If persecution is attacking the congregation on the one hand, apathy and indifference are threatening it on the other. Nor is it easy to recognize in this peril a tendency to lapse into the Judaism of temple and ceremonial, or even of scribe and synagogue. It is rather the disposition of men whose hopes have long been deferred, to turn from the living God, and sink back into their former heathenism (312). To such men the writer would show the grandeur and worth of Christian faith, the meaning of the life and death of Christ, the significance of the discipline of suffering, and the necessity of laying firm hold on that unseen world which alone has abiding reality.

The personal references in the epistle are few but significant.
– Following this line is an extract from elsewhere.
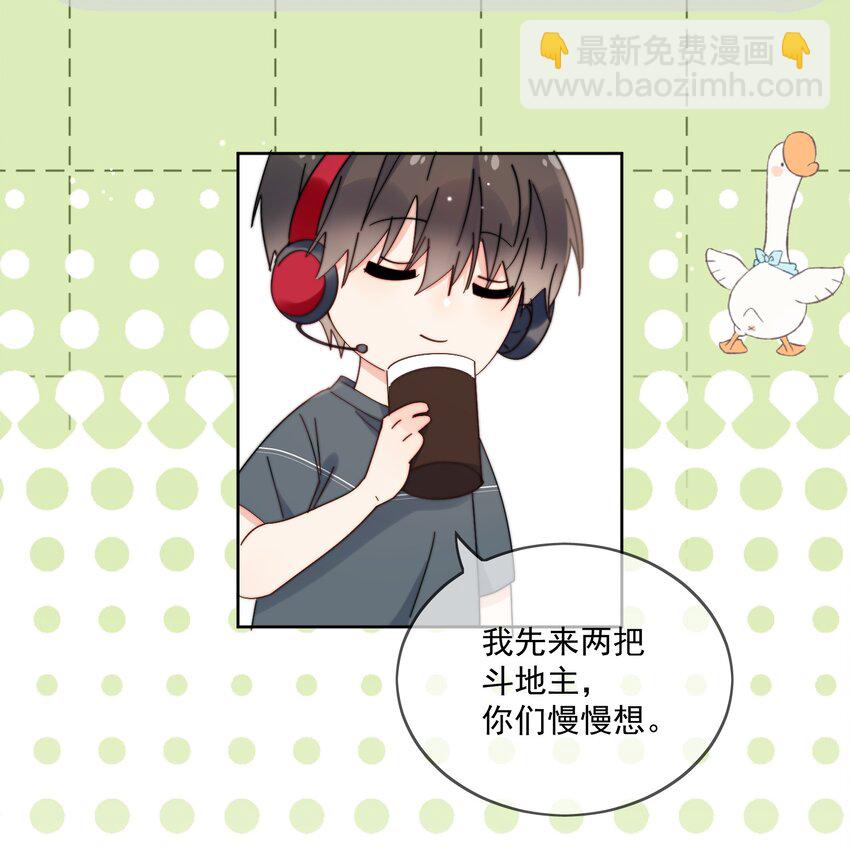 第27话 直播事故-第28话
The writer has been among the readers, and purposes to return to them at the earliest opportunity (13: 19). They know Timothy (13: 23), and seem to have an interest in him, as only Gentile or even Pauline congregations are likely to have had. They of Italy, or rather from Italy, send greetings to them (13:24), which seems most naturally to mean that Italian Christians, for some reason out of Italy at the time, wish to be remembered to a congregation in Italy.

If we now undertake to combine these touches into the likeness of some Christian community of the first century, we must acknowledge that the Jerusalem church is certainly not the one addressed. The commendations and the condemnations of the epistle alike fail to accord with what we know of the Jerusalem church in any period of its brief existence. Nor is it essentially easier to connect the epistle with some other Palestinian congregation, such as that at Pella or Jamnia. Indeed, contemporary ceremonial Judaism, with its temple and priests, is utterly absent from the mind of the writer, whose Judaism is not personal or legalistic, but academic and philosophical. The failure to take account of this is probably responsible

for that ancient opinion as to the epistle which gave it its present title, as well as for not a few modern efforts to connect it with Palestinian or other Jewish congregations.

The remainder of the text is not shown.